Pian piano, la stessa cosa avvenne in Europa: nel ‘22 iniziarono le trasmissioni della BBC londinese e quelle da Losanna di La première, nel ’24 quelle dell’Unione Radiofonica Italiana, e via così, con uno “spuntar d’antenne” in ogni dove per portare voci e suoni alle orecchie di tutto il continente.
La radio è un altro di quei simboli che segnano indelebilmente il Novecento, quindi: potevano mancare i futuristi a “dire la loro” sulla nuova protagonista del secolo? Certamente no e infatti, dopo averla rinominata al femminile “Radia” per contrapporre provocatoriamente il modello futurista di comunicazione “puro organismo di sensazioni radiofoniche”, a essa dedicheranno pure un manifesto con le regole per l’”arte nuova che comincia dove cessano il teatro il cinematografo e la narrazione”.
Al di là dell’immancabile enfasi futurista, la radio affascina tutti: d’altra parte, come resistere alla sua magia e soprattutto alla magia del suo quadrante luminoso dove appaiono i nomi delle stazioni estere come London, Frankfurt, Riga e decine di altre che, con pazienza e tra mille fischi e fruscii, potevano diventare altrettante voci straniere?
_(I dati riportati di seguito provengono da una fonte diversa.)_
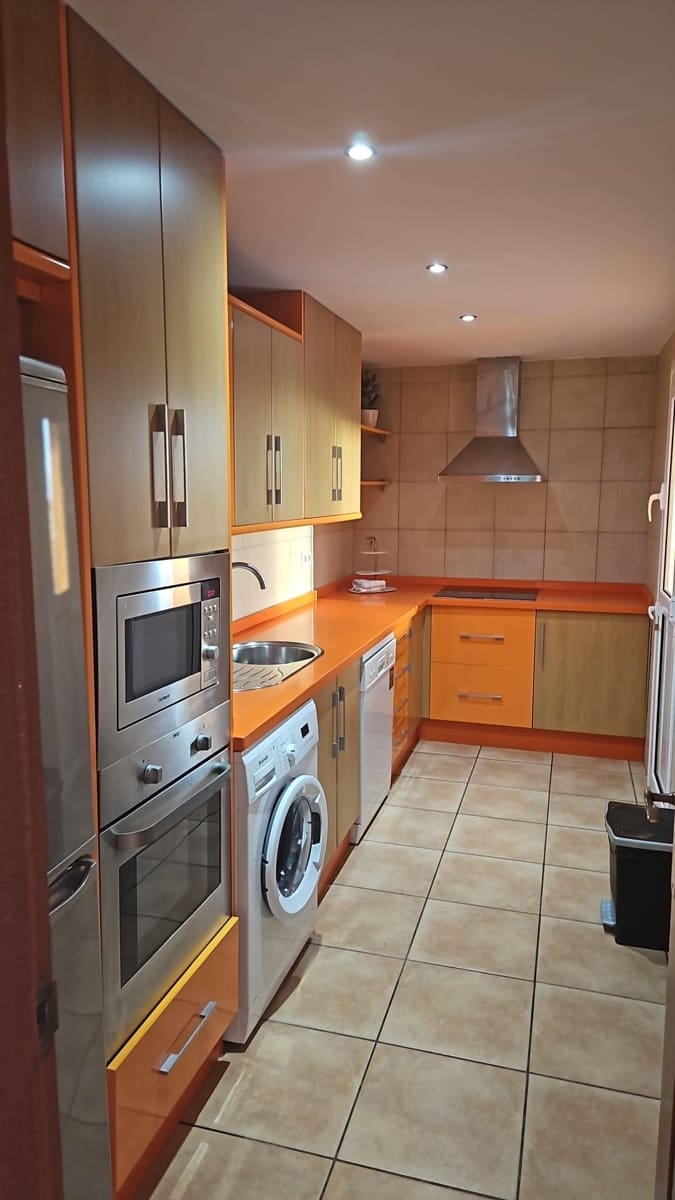 3 soveværelse Villa til salg i Corralejo med swimmingpool - € 475.000 (Ref: 8343264)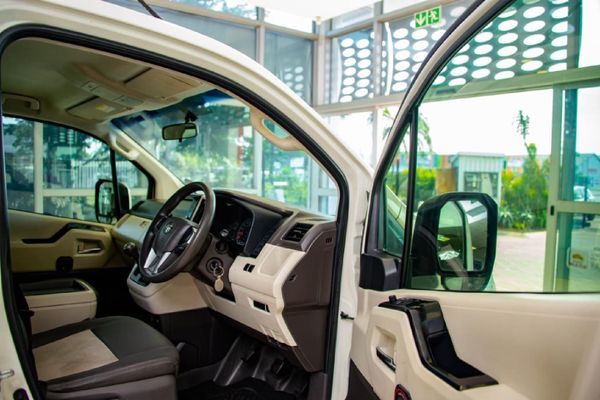 2019-Toyota-Quantum-28-GL-11-seat image:3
Il suo potere di suggestione è enorme: lo toccò con mano Orson Welles quando, nel 1938, decise di sceneggiare per la radio “La guerra dei mondi”, un romanzo di fantascienza che annunciava l’invasione di marziani. La narrazione radiofonica, concepita come notiziari che si inserivano nella programmazione abituale, generò il caos perché molti ascoltatori non compresero la finzione: “Sei minuti dopo che eravamo andati in onda – disse lo stesso Welles - le case si svuotavano e le chiese si riempivano; da Nashville a Minneapolis la gente alzava invocazioni e si lacerava gli abiti per strada.” L’invasione extraterrestre? Guai a giocare con le fake news…
La radio sarà invece protagonista nella vera guerra dei mondi ossia durante il secondo conflitto mondiale: indispensabile come mezzo di comunicazione tra i reparti al fronte, come strumento di propaganda e come fonte di informazione per chi, giorno dopo giorno, attende l’annuncio della fine dei combattimenti.
Saranno gli anni Cinquanta però a decretare la definitiva affermazione della radio: nascono le radioline a transistor grazie alle quali informazione e musica possono stare in una tasca ed essere portate dove si vuole.
C’è chi afferma che web e smartphone finiranno per rendere la radio obsoleta: non lo crediamo, non solo perché oltre 50.000 emittenti oggi nel mondo rappresentano un bel “fronte resistenziale”, ma anche perché, come disse un conduttore radiofonico: “Nonostante tutti i miglioramenti tecnici, [la radio] è ancora un uomo o una donna e un microfono, la riproduzione di musica, la condivisione di storie, il comunicare con il pubblico”, ossia, è la semplicità indispensabile.